For holistic optimization of the hybrid powertrain, it is desirable to develop operating strategies which take more target variables, e.g. fuel consumption and pollutant emissions, into consideration simultaneously, enabling optimum use of existing components. This permits individual elements to be adjusted at an early stage in development – or even allows entire components to be removed from the combustion engine powertrain altogether. This becomes even more important when considering optimization of the overall cost, with regard to the high additional costs arising from the electric path.
A prerequisite for developing these kinds of strategies is the availability of control unit-compliant, prediction-capable emissions models. To develop these models requires detailed knowledge – both of the raw emissions behavior of the combustion engine, and of the conversion characteristics of all the exhaust aftertreatment system components, even under transitory conditions. It makes sense to run a real combustion engine both for creating these models, and for optimizing and validating them in the overall system. The combustion engine is the powertrain component which is most difficult to simulate. The required boundary conditions for simulating the driving cycles are provided by a real-time-capable simulation of the vehicle environment and driver behavior. In this case, the combustion engine is operated on a test bench as "Hardware-in-the-Loop".
For this purpose, FKFS has built a hybrid engine test bench (HMP) which particularly fulfills the stated requirements. This test bench features powerful electric loading device(470 kW, 990 Nm, 9,000 rpm), a facility for legally-certified exhaust analysis (CVS system: constant volume sampling) – as used on roller dynamometers for vehicle certification, diverse analyzers for online analysis of limited pollutant components (fast FID/CLD/NDIR, particle spectrometer, quantum cascade laser, etc.), as well as equipment for delivering an airflow over the hybrid powertrain which is proportional to the vehicle's speed.

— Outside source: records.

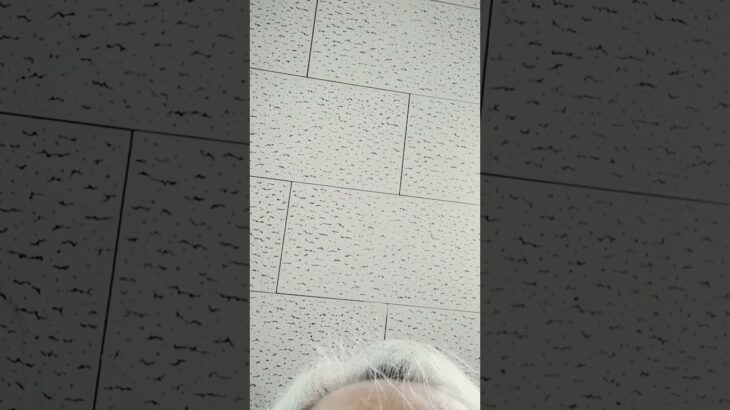 no.75 オカルト あったらいいな（オバケ保険特約）自動車任意保険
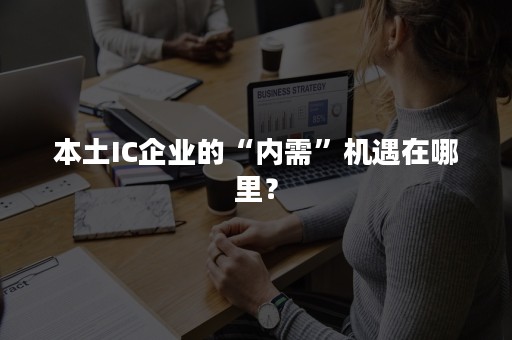 本土IC企业的“内需”机遇在哪里？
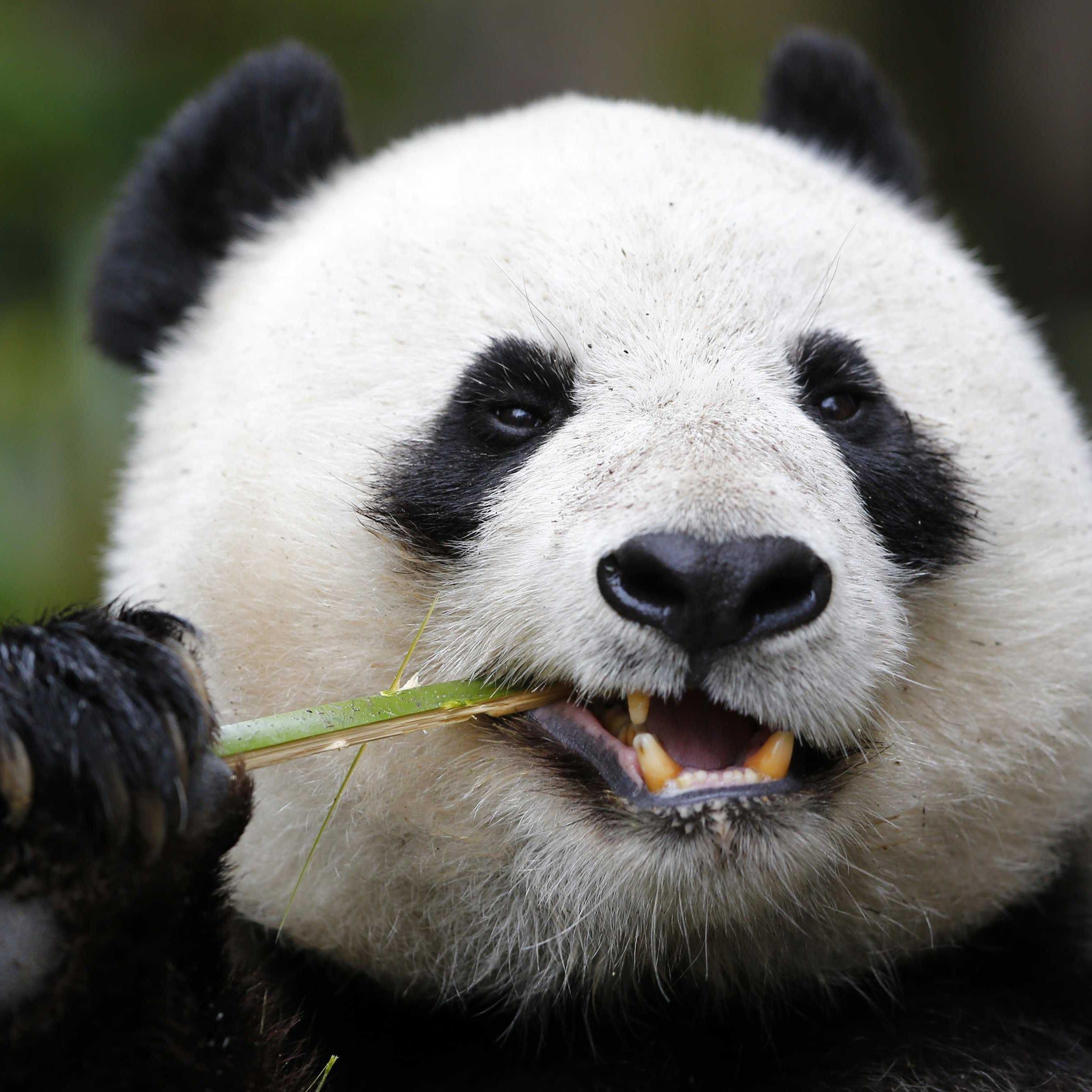 PandaGromit's profile picture. Ailuropoda melanoleuca - bamboo eater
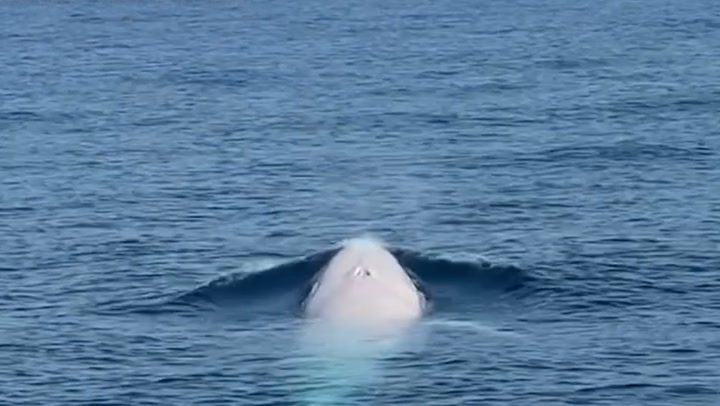Extremely rare white whale filmed off Thailand coast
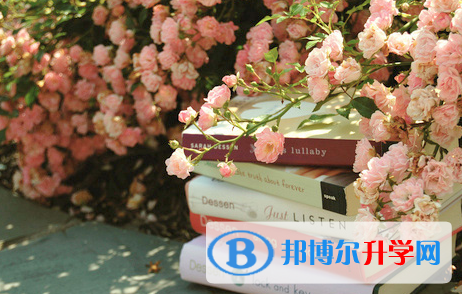 攀枝花2021年中考網(wǎng)絡平臺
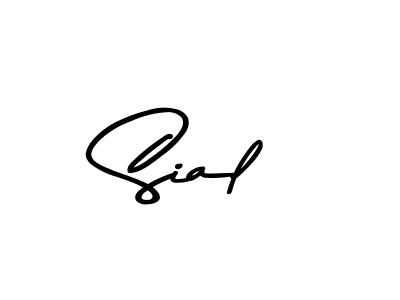 Create a beautiful signature design for name Sial. With this signature (Asem Kandis PERSONAL USE) fonts, you can make a handwritten signature for free. Sial signature style 9 images and pictures png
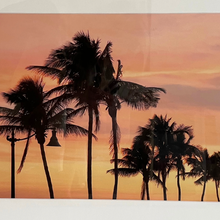 Creamsicle Palms, Palm Beach Large by Alison Stager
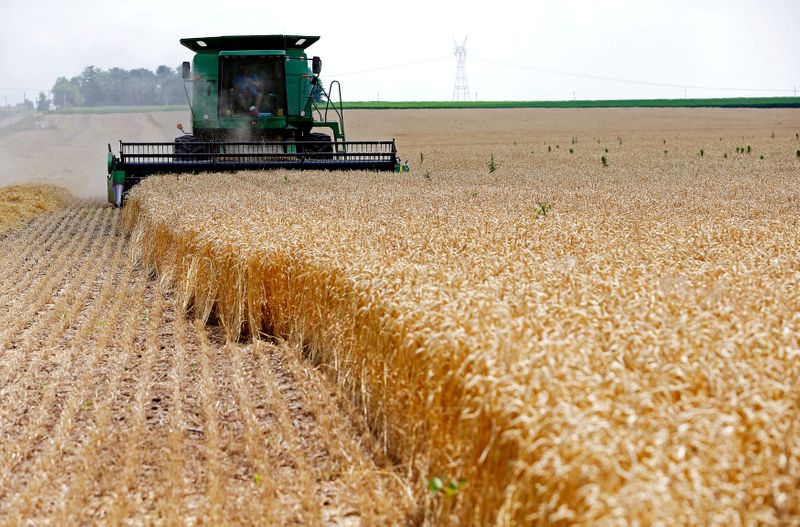 FILE PHOTO: A combine drives over stalks of soft red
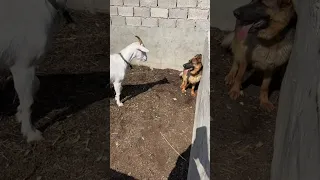 Goat Vs Dog Unexpected Face Off Animal Dog Shorts Funny 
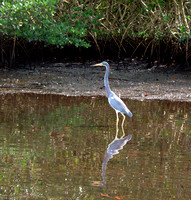 This Tri-color Heron was on the hunt for breakfast...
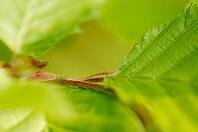 Fresh foliage of hornbeam (Carpinus betulus), Kempen, North Rhine-Westphalia, Germany [IBR124637687]
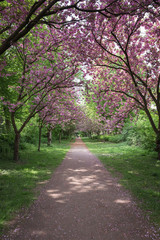 road in the forest with flowers
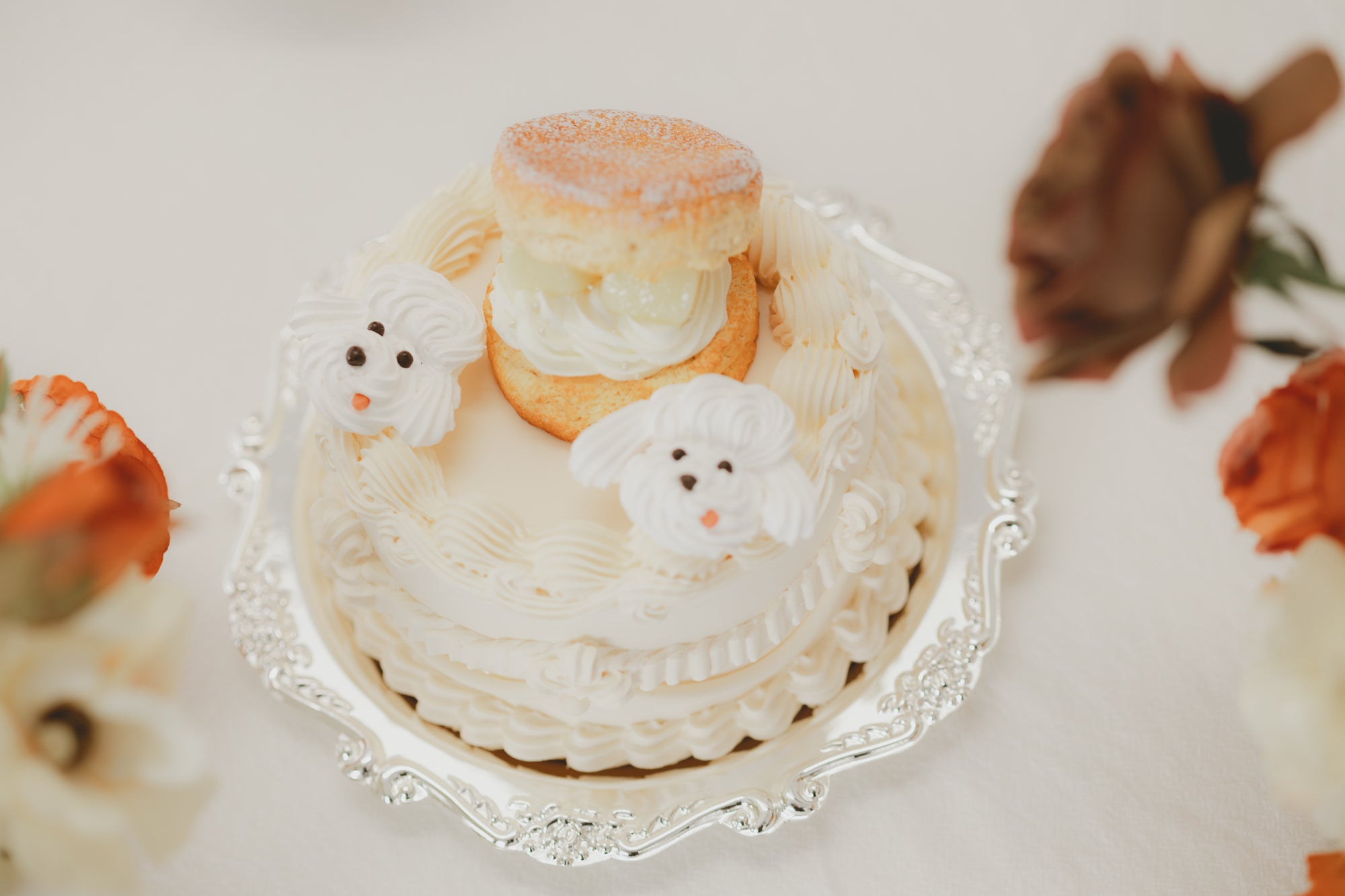 home studio set - amber（ terracotta ）-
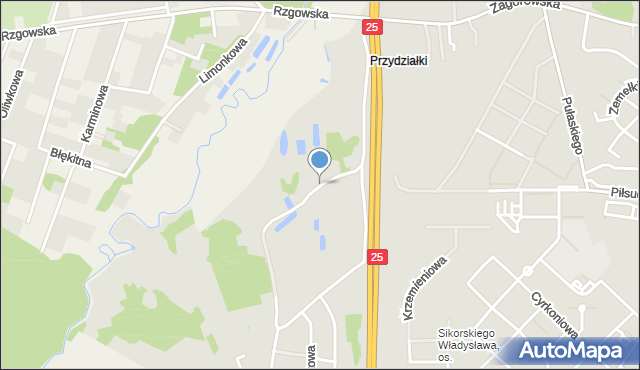 Konin, Przydziałki, mapa Konina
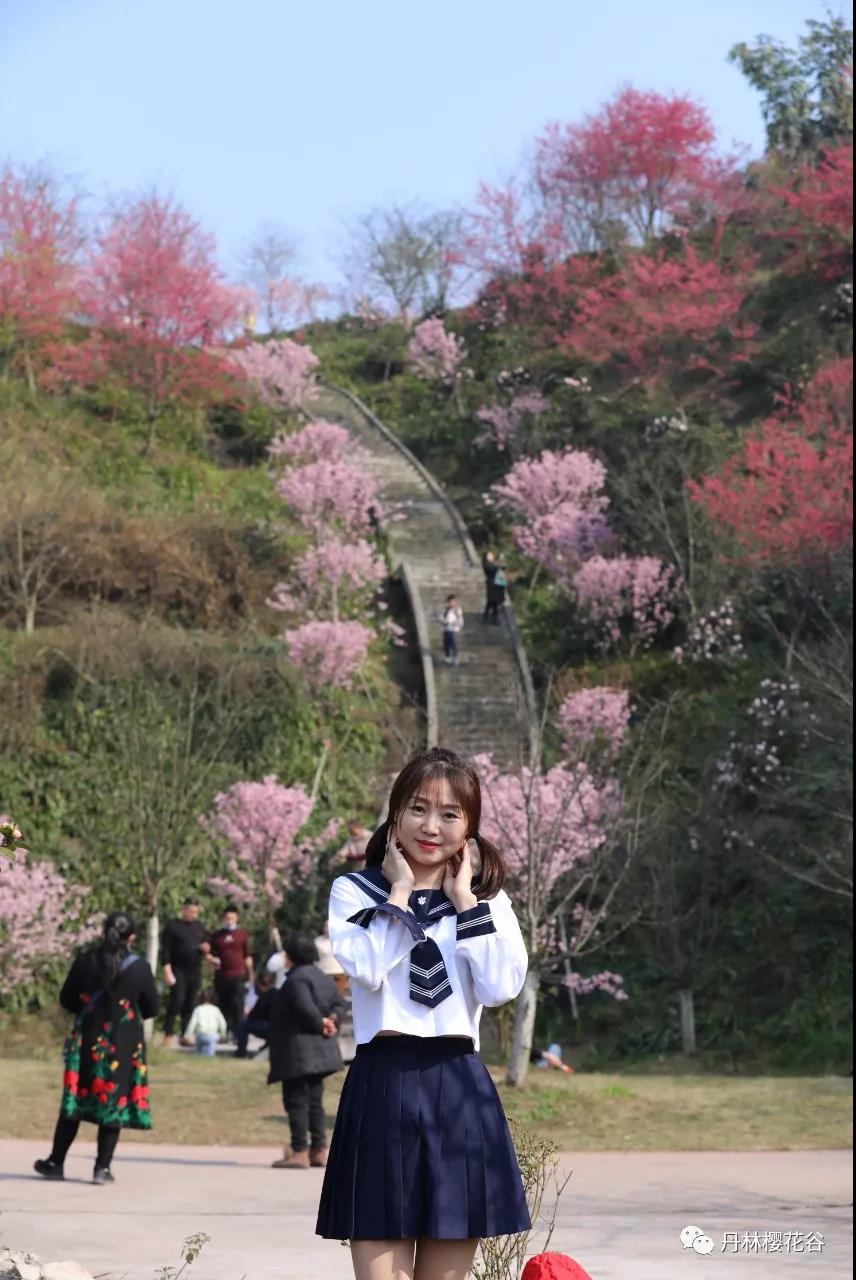 開園啦！丹林櫻花谷今日開園(圖4)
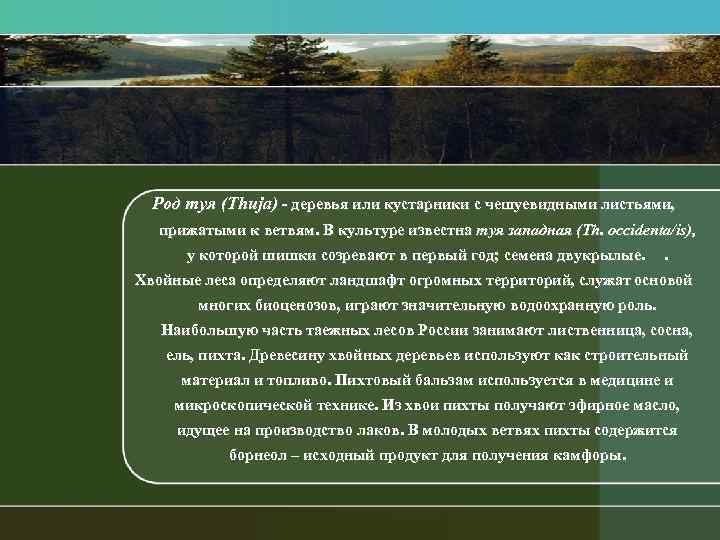 Род туя (Thuja) деревья или кустарники с чешуевидными листьями, прижатыми к ветвям. В культуре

In addition, the test stand has flexible facilities for supplying electrical components, such as those installed in hybrid topologies. The focus here is on a battery simulation with which electric motors in the drive train can be supplied with outputs of up to 300kW - at voltages of up to 1000 volts and currents of up to 1200 amperes. Furthermore, on this test bench it is possible to physically represent the components of the electric path (electric machine, battery, power electronics) in coupled operation, as well as depicting the operation of individual subsystems via replacement systems (e.g. HV battery simulation: 1000 V, 1200 A, 300 kW), or to incorporate these entirely as simulations.